→ Given material:
+ + + + +

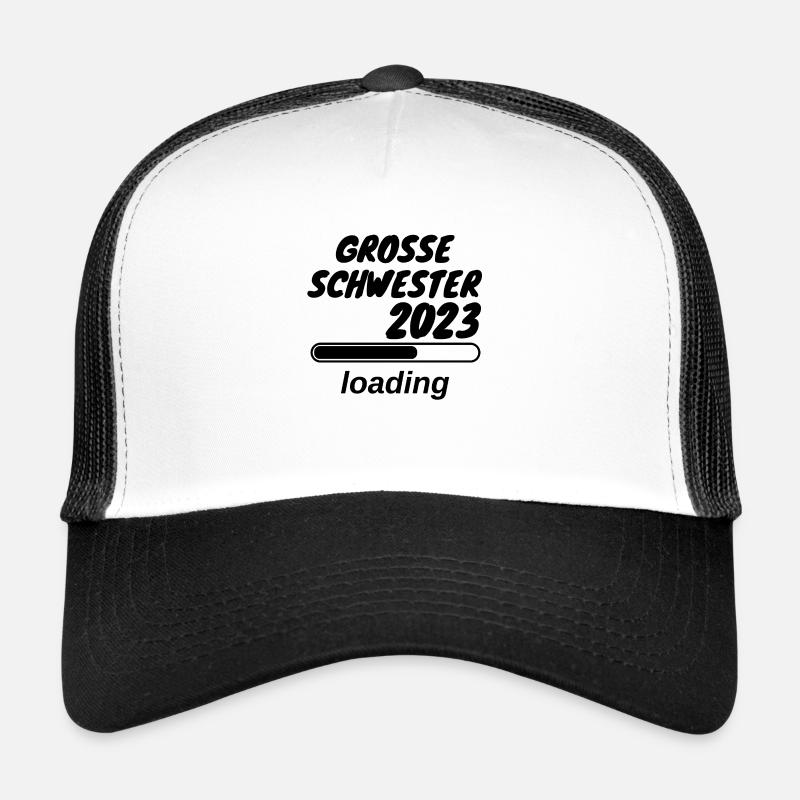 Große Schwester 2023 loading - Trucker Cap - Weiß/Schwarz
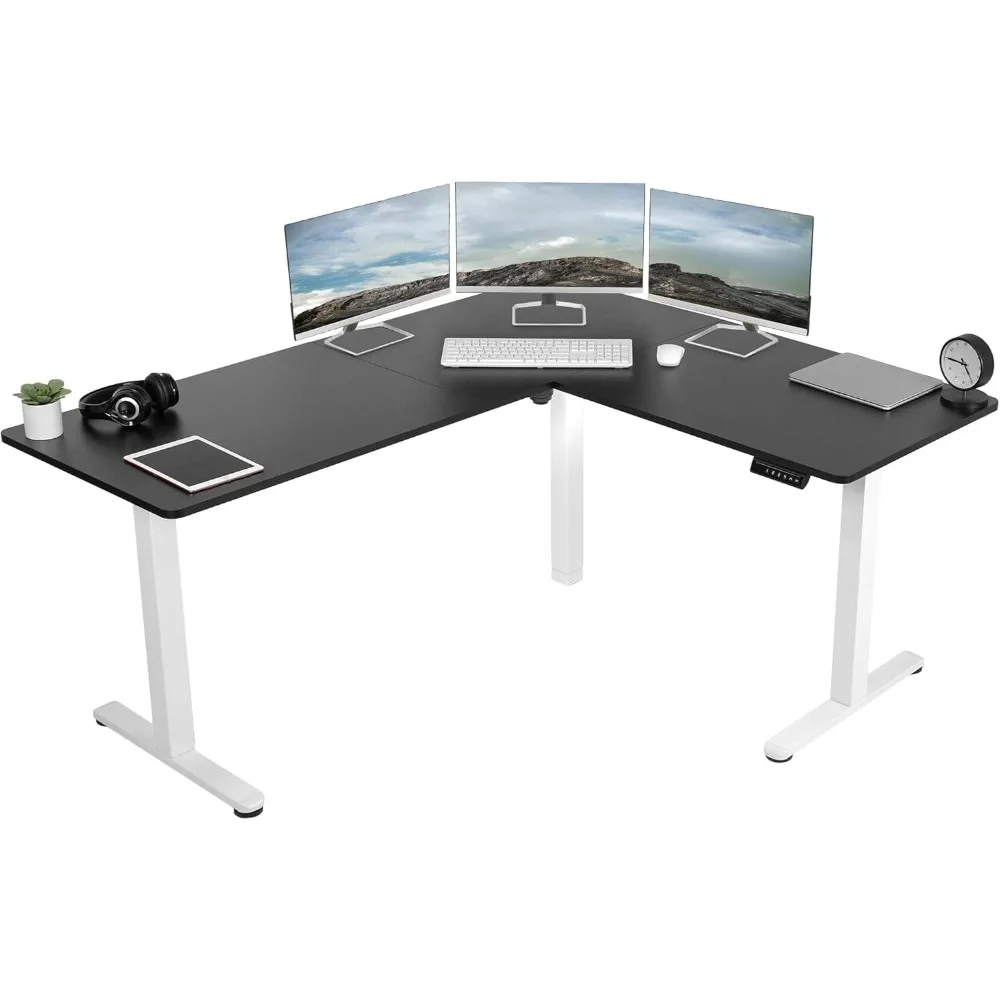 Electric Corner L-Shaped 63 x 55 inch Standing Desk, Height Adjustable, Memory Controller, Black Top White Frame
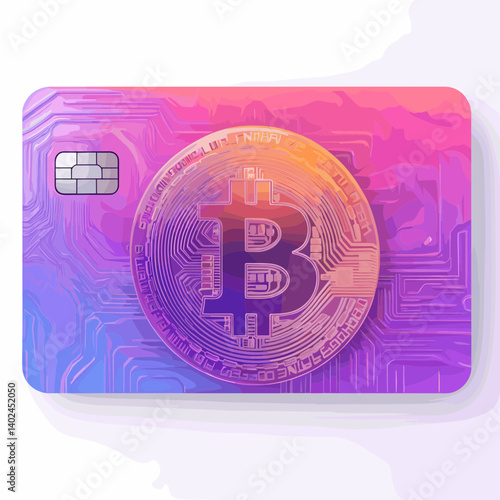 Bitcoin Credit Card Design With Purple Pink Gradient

+ + + + +

→ Problem to solve:
Only the lines from the line holding "Electric Corner L-Shaped" through the last line above belong in the answer, repeated exactly; the pictures do not.

→ Answer to this exercise:
 Electric Corner L-Shaped 63 x 55 inch Standing Desk, Height Adjustable, Memory Controller, Black Top White Frame
 Bitcoin Credit Card Design With Purple Pink Gradient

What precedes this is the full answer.